Everybody’s got a hunger, a hunger they can’t resist;
There’s so much that you want, you deserve much more than this.

Bruce Springsteen “Prove It All Night”

By Nina Heyn- Your Culture Scout

It is not easy to make a good movie about either racial problems or relations with parents. Either they reek of political correctness or they feel inauthentic. A new British movie Blinded By the Light tackles both issues in the way that avoids many of those pitfalls.

Director Gurinder Chadha has been hailed by critics as a keen observer of human nature, especially in this new sub-genre of stories about second or third generation immigrant youth who break away from their family traditions. In fact, she is one of the creators of the genre with her seminal comedy Bend It Like Beckham about a girl from a traditional Sikh family in England playing soccer despite her parental disapproval. That movie launched Keira Knightley’s career (her next big movie was the first Pirates of the Caribbean) and it became a part of whole slew of “immigrant clash of cultures” films such as My Big Fat Greek Wedding, The Hundred Foot Journey, and The Big Sick.

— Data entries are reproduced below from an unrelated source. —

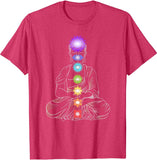 New Yoga Meditation Spiritual Body Energy Chakra T-Shirt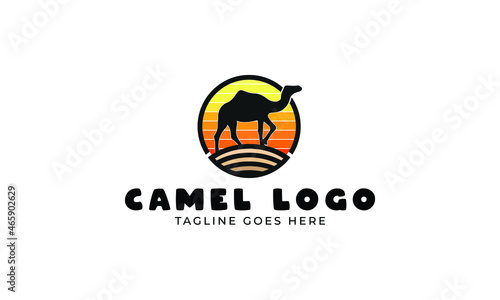 Minimalist and unique Camel logo design.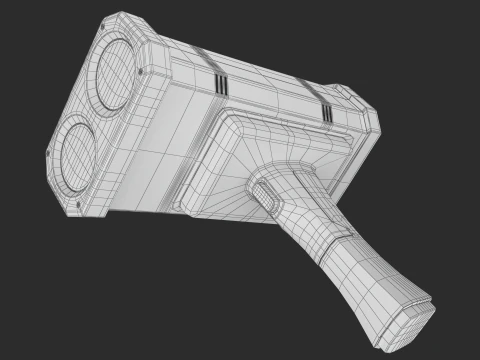 LIDAR Police SpeedGun 3D Model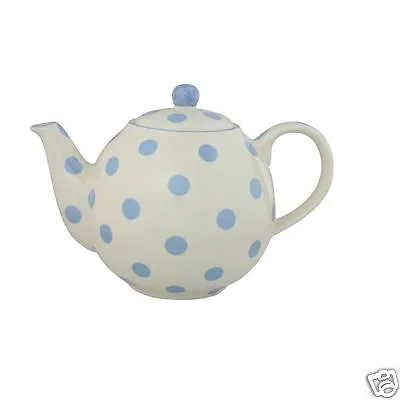 London Pottery Globe Traditional China Teapot ~ 4 Cup ~ Purple Spot • £24.99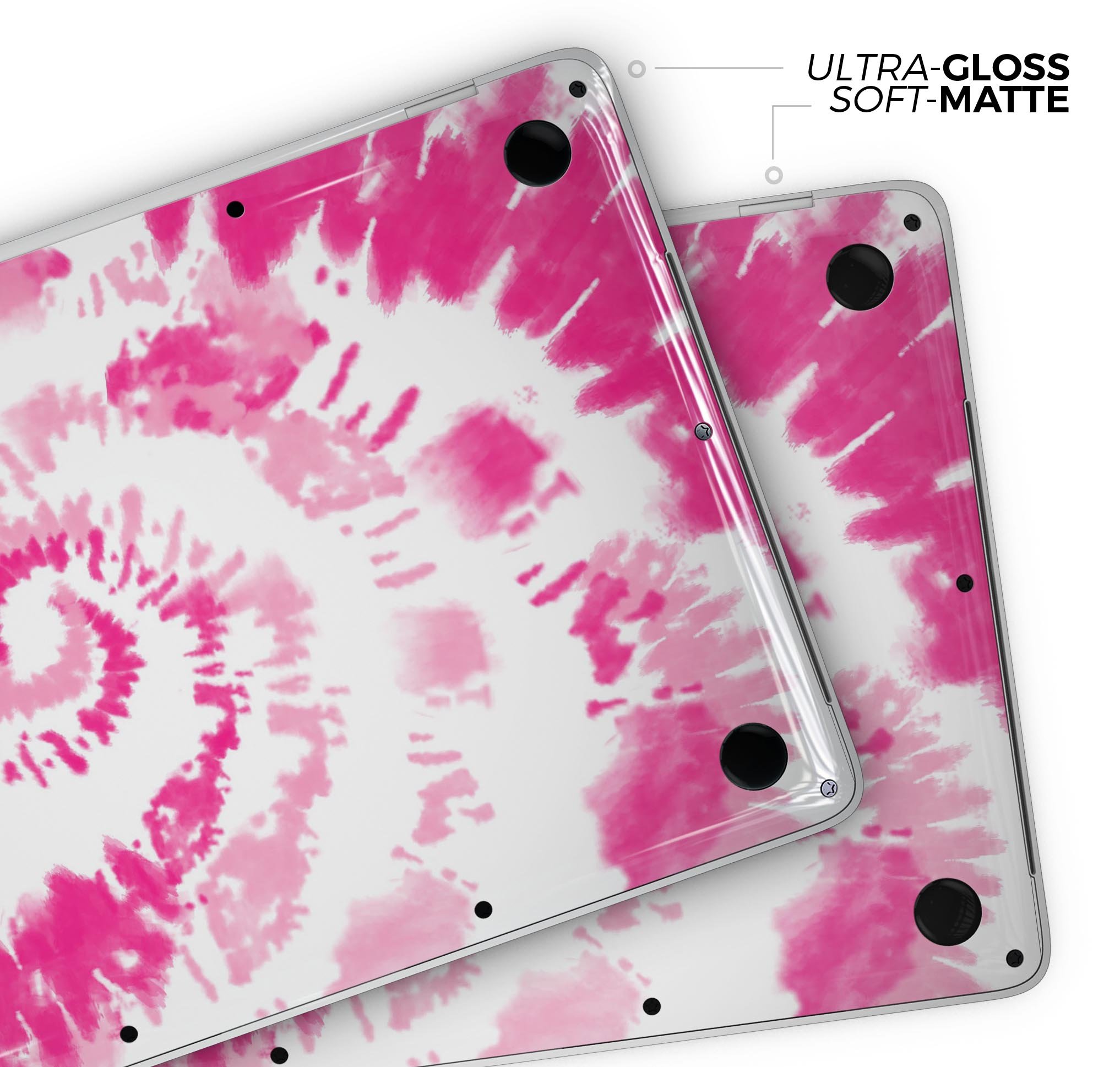 Spiral Tie Dye V6 skin decal wrap kit for Apple MacBook, showcasing vibrant colors and a sleek design.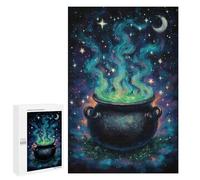 Jigsaw for Teenagerss1000 PCS Witchs Cauldron Under A Starry Sky Puzzle for Adults Fun Games Difficult Challenge Deal As Gifts for The Whole Family 1000 PCS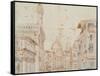 Firenze Perspective-Baldassare Peruzzi-Framed Stretched Canvas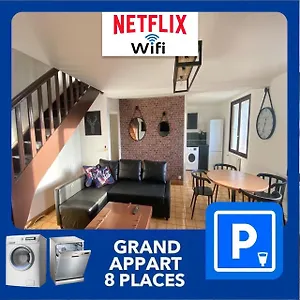  Appartement 014 Chic & Cosy Grand Duplex 76m2 Wifi Smart Tv Netflix Et Vue Panoramique France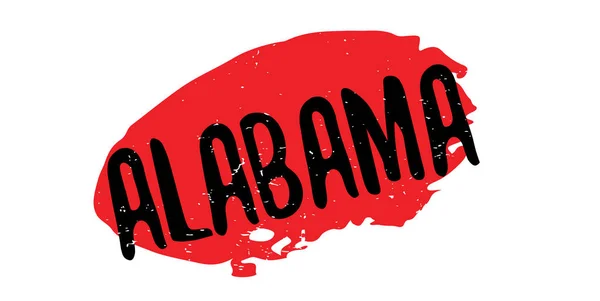 Alabama sello de goma — Vector de stock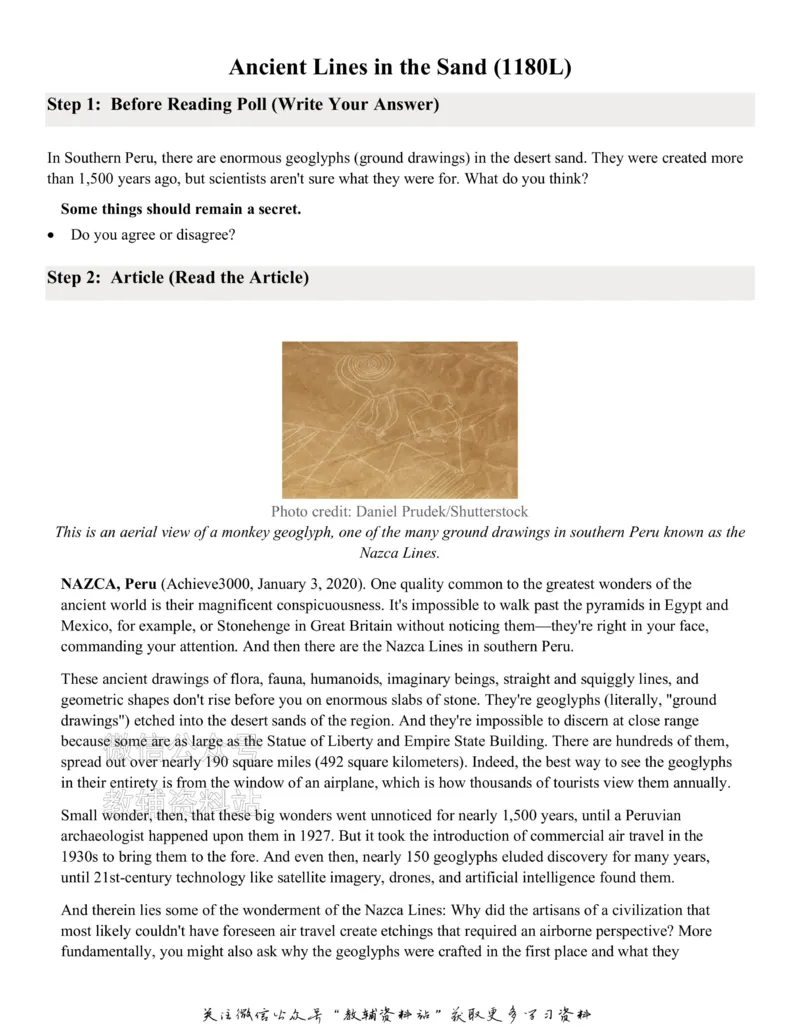 《LiteracyatHomeLexile1180_小初高学习资料合集（每天更新）_美国蓝思分级阅读及词汇训练《Achieve3000Literacyathome》》第3页预览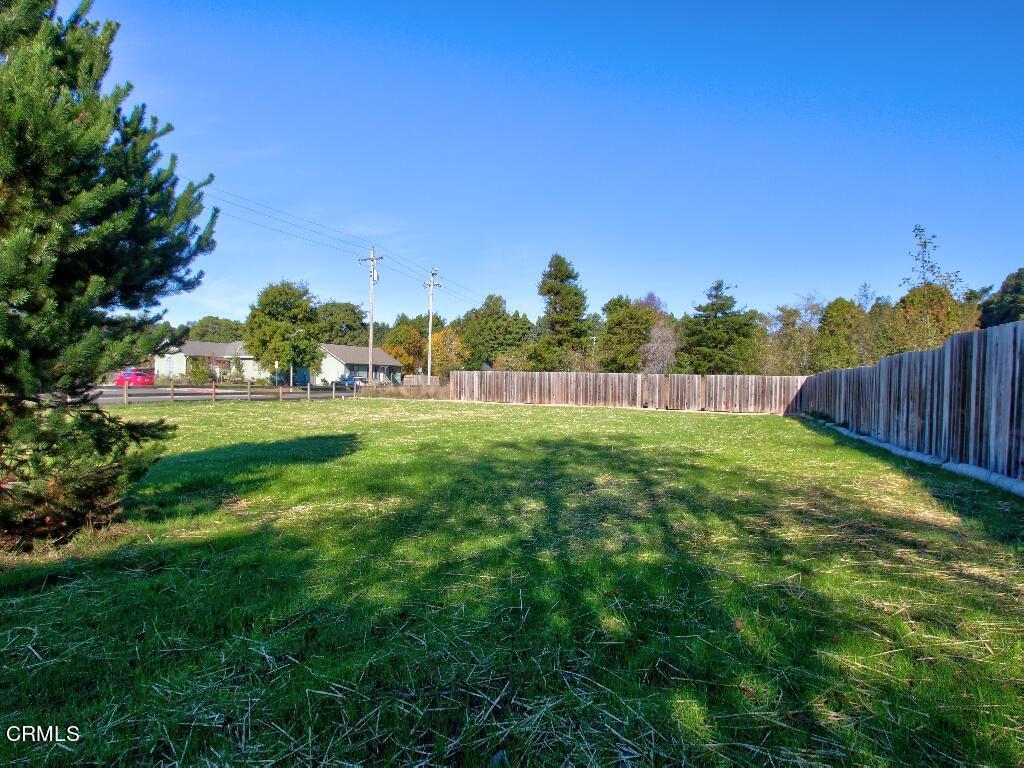 a view of yard with swimming pool and green space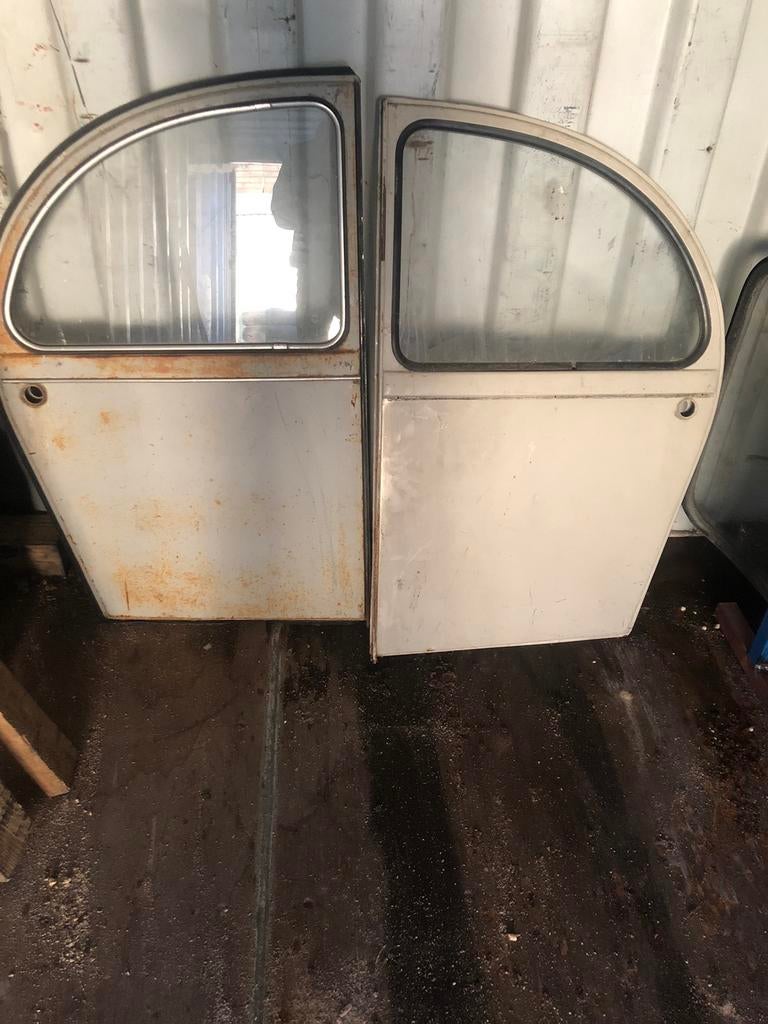 Achterdeuren 2 cv, Ophalen, Bumper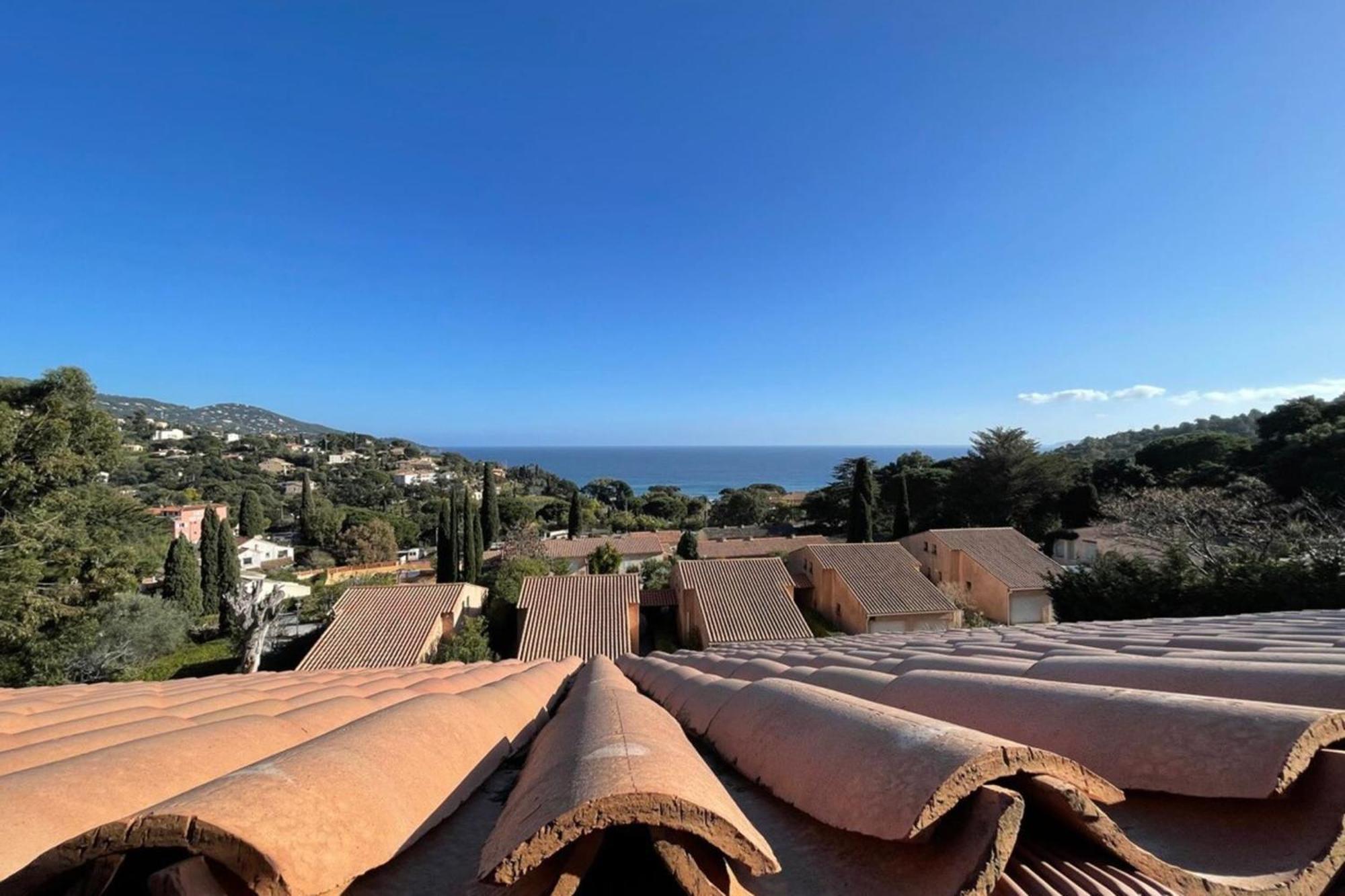 Duplex In Pramousquier - Sea View Apartment Le Lavandou Luaran gambar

There is an old truth in filmmaking that if the script is bad, not much can be improved in filming but if the script is good, the movie has a fighting chance. Blinded by the Light had an excellent script and the filmmaking improved it further.

Javed is a Pakistani teenager living in the 1980’s in a small city of Luton. We see this city in the midst of the Thatcher era unemployment and a slide of the middle class into poverty. This is years before the Luton airport was transformed into a major gateway to modern London but the racial and economic tensions of today are even more visible in this period story. The kid dreams of becoming a writer – something that does not even register as an occupation for his traditional family whose dream is to arrange successfully the marriages of two young women in his family, and to have Javed become an accountant. The family struggles: father loses his factory job, mother feeds the family by sewing dresses all night, and an upcoming traditional wedding will put a dent on family finances even more. As much as Javed tries to be a dutiful Pakistani son, he is well on the way to a rebellion. He is enrolled in college prep classes but he is not really studying finance – he is in a creative writing class. He does not give all his earnings to his parents – he spends some on Bruce Springsteen’s records because he’s just discovered a God of Music and Poetry and his name is The Boss.

All this does not bode well for Javed’s relationship with his father, especially in a town when racial clashes and economic woes have sharpened the divide between an Asian community and the locals. Eventually Javed’s love of Springsteen music and poetry brings about a choice he has to make – his life or his father’s vision of what Javed’s life should be.

Buoyed by Springsteen’s greatest hits like Thunder Road, Hungry Heart or No Surrender, the story moves on to portray dilemmas of both the youth in general and the immigrant ones in particular. Javed has to grow up and realize that for him to be happy he has to make room for both his literary dreams and his traditional family. His father has to accept that his family is now living in the 1980’s England and not in his old village home.

Blinded by the Light comes from a great tradition of British social cinema started by “kitchen and sink drama” movies of 1960’s (Lindsay Anderson’s This Sporting Life, Tony Richardson’s Look Back In Anger, A Taste of Honey), and particularly those later social outcries that deal with Thatcher-era economic depression: Billy Elliot and The Full Monty. The latter films mixed comedy with drama, had music to carry the emotional tone of the story, and they depicted the economic hopelessness of small-town Britain of 1980’s.

This movie is inspired by a true story of an immigrant teenager who attended 150 concerts of his idol but even if it was not based on a real person, or if the immigrant family was not Pakistani but Chinese or Lebanese or Hungarian, the story could still ring true. To be an immigrant from anywhere, it means that you have to leave some if not all of the old lifestyle behind and even if you don’t, your children certainly will. The next generation is always torn between honoring their roots and wanting to belong. This is what the movie captures so poignantly and what is so hard to say in cinema in an authentic voice.